From ce3477410a3b5fd3435ffa617aa9dd01a4d01771 Mon Sep 17 00:00:00 2001
From: Jingyi Xi <flotherxi@gmail.com>
Date: Tue, 21 Apr 2026 15:57:43 +0800
Subject: [PATCH 1/3] [Common][PyTorch] Fix int32 overflow and -1 sentinel
 handling in moe_permute

Two independent bugs in transformer_engine/common/permutation/permutation.cu
and the PyTorch extension caller reproduce on main (264da2b) and v2.13:

1. int32 overflow in moe_unpermute_kernel and moe_permute_kernel.
   `source_token * num_cols` and `source_row * num_cols` are computed with
   int, so for long-sequence MoE workloads where num_out_tokens * num_cols
   reaches 2**31 (e.g. 2**18 tokens x 2**13 hidden), the pointer offset
   wraps and the kernel either reads garbage or raises
   `an illegal memory access was encountered`.
   Widening source_token, source_row and dest_row to int64_t inside the
   kernels keeps the index arithmetic in 64 bits without changing any
   public types.

2. Incorrect handling of -1 sentinels in the routing indices.
   Libraries such as DeepEP (and any expert-parallel mask that sets
   non-local (token, slot) pairs to -1) feed a routing_map that contains
   -1 entries. `cub::DeviceRadixSort::SortPairs` is signed ascending, so
   those sentinels land at the HEAD of sorted_row_id, not the tail.
   moe_permute_row_map currently writes -1 only for idx >= num_out_tokens
   and reads the sentinel prefix as if it were a valid sorted id,
   producing bogus row_id_map writes (for instance
   `source_row / topK == 0, source_row % topK == -1`).
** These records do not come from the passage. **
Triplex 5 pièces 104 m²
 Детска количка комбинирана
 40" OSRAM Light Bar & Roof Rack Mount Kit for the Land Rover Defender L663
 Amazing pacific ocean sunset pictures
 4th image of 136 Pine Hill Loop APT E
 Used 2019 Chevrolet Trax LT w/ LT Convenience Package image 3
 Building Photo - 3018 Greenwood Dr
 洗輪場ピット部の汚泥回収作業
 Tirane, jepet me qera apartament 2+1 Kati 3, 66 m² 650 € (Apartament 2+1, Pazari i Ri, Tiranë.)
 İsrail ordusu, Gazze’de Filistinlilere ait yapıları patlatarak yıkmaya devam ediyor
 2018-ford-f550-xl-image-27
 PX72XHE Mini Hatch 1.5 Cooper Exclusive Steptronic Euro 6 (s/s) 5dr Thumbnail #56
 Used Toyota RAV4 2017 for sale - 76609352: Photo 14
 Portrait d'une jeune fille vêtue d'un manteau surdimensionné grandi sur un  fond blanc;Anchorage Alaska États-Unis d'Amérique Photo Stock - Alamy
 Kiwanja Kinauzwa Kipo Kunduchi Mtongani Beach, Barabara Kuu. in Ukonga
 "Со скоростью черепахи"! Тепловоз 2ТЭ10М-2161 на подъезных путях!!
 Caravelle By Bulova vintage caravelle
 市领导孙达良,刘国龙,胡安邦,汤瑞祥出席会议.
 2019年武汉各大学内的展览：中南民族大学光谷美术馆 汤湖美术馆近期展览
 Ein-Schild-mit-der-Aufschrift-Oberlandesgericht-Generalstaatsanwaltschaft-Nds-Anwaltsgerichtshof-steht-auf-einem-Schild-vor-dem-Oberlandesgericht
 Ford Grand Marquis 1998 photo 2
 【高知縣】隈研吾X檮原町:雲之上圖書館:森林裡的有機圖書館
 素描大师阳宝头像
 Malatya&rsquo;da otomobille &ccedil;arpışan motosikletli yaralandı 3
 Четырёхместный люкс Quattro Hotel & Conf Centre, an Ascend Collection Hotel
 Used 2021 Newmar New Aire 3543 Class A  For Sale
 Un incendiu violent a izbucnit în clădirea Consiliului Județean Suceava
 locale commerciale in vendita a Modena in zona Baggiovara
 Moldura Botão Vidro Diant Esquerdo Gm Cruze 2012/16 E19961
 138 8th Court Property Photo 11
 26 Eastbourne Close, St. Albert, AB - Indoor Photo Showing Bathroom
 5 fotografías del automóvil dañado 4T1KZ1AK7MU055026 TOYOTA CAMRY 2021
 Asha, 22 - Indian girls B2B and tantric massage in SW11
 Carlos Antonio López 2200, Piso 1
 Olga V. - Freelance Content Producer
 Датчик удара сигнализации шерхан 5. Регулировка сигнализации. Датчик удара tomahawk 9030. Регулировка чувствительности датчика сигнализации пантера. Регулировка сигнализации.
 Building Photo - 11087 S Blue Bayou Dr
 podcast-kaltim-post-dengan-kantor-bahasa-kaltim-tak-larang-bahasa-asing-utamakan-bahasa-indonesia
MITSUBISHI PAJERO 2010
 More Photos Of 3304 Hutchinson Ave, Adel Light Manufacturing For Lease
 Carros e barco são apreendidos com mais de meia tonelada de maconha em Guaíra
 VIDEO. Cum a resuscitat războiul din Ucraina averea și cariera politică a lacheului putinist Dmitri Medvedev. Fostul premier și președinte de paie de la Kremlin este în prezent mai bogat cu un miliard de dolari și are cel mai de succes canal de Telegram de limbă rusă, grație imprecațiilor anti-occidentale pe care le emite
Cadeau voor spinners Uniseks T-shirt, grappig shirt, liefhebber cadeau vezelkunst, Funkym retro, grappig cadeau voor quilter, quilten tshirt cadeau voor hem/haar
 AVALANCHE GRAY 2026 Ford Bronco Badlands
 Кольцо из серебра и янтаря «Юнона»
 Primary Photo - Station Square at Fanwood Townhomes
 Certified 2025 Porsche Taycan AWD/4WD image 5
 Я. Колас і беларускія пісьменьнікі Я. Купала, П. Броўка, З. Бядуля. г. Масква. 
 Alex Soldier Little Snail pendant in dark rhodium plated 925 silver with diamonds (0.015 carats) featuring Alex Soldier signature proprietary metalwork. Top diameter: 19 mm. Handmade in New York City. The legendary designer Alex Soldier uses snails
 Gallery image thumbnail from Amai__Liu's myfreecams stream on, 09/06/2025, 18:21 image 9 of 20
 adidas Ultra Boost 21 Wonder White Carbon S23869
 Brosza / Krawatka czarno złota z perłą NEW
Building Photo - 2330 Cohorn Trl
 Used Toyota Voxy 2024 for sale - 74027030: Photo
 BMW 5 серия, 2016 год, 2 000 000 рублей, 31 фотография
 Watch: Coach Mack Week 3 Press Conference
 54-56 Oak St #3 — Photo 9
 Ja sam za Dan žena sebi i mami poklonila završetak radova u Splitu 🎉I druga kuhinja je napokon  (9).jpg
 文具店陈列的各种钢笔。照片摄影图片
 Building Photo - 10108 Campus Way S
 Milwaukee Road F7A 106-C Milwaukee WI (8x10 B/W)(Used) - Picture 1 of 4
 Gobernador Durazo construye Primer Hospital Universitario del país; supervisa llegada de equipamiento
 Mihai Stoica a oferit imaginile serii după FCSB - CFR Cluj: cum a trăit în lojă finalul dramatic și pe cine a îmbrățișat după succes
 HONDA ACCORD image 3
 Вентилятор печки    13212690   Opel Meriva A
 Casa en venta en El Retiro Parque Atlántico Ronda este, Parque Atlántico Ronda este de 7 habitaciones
   The caller now advances sorted_row_id_ptr past the num_minus_ones
   prefix and pre-fills row_id_map with -1 via torch::full, so the
   kernel only processes the valid suffix and never dereferences a
   sentinel.  The launcher's grid switches from num_rows*topK blocks
   to num_out_tokens blocks to match the new valid range.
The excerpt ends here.